*** Begin section ***

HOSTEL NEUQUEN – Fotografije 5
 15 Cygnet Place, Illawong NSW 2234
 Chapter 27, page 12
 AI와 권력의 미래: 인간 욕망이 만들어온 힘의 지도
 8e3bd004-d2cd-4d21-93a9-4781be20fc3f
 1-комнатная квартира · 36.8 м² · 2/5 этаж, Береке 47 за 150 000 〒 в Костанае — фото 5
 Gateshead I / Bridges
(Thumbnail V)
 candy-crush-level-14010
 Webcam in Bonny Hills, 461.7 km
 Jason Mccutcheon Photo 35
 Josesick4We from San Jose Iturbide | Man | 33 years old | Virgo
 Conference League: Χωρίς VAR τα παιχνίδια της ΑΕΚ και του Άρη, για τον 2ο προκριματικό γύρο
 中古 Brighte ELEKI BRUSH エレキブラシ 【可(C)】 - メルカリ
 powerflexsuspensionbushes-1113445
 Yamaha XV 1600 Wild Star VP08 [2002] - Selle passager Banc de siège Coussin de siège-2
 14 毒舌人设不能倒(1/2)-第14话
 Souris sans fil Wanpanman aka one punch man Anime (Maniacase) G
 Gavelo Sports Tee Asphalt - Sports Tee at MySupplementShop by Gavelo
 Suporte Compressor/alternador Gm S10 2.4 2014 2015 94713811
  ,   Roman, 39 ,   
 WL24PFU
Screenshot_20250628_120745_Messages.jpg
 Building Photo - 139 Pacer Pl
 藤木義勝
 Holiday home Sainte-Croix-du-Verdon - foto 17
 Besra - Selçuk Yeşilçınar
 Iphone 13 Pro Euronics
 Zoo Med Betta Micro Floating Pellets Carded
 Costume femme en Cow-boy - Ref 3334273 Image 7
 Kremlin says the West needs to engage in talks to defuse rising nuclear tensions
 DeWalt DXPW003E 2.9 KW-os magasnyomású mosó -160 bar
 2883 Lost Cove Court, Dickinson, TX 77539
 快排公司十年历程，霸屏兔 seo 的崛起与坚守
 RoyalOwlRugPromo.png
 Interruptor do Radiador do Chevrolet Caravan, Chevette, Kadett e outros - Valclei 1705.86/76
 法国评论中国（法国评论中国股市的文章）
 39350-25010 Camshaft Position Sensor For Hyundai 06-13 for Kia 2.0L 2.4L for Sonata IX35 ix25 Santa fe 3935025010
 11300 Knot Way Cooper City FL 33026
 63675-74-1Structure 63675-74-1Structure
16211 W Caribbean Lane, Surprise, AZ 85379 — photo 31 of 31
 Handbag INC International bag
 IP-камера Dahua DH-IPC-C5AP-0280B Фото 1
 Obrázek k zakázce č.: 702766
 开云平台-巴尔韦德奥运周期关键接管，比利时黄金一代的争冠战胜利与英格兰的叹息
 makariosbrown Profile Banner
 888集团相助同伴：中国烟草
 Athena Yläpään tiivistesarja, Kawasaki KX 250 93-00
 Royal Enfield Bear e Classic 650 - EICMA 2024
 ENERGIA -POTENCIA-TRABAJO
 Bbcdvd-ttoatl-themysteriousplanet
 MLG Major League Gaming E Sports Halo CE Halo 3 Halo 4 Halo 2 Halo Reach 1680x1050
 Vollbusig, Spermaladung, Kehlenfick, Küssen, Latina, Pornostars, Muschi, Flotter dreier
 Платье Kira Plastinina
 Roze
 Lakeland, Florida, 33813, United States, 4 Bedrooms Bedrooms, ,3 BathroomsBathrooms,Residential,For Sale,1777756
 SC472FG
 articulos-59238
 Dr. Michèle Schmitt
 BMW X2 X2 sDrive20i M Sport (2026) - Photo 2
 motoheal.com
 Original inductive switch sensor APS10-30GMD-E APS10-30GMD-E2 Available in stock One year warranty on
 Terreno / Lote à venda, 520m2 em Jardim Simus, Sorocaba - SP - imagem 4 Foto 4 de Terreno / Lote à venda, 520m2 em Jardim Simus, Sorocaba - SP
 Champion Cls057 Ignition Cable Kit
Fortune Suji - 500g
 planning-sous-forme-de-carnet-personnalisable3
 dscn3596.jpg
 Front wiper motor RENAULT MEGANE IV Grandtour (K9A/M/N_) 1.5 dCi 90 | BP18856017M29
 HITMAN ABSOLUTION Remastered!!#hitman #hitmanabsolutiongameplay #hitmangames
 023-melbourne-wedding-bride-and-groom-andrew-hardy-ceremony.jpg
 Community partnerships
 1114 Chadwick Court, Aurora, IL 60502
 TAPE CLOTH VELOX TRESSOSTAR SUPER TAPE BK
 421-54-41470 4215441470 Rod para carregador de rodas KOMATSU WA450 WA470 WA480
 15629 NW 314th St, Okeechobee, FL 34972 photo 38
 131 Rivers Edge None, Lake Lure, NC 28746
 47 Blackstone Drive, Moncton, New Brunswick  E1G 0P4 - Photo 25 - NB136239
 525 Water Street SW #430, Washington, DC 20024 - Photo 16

*** End section ***

▶ What is needed
The lines above from the one with "Muschi, Flotter dreier" through the one with "Original inductive switch" are to be duplicated exactly, ends included, with nothing added.

▶ Answer area
 Vollbusig, Spermaladung, Kehlenfick, Küssen, Latina, Pornostars, Muschi, Flotter dreier
 Платье Kira Plastinina
 Roze
 Lakeland, Florida, 33813, United States, 4 Bedrooms Bedrooms, ,3 BathroomsBathrooms,Residential,For Sale,1777756
 SC472FG
 articulos-59238
 Dr. Michèle Schmitt
 BMW X2 X2 sDrive20i M Sport (2026) - Photo 2
 motoheal.com
 Original inductive switch sensor APS10-30GMD-E APS10-30GMD-E2 Available in stock One year warranty on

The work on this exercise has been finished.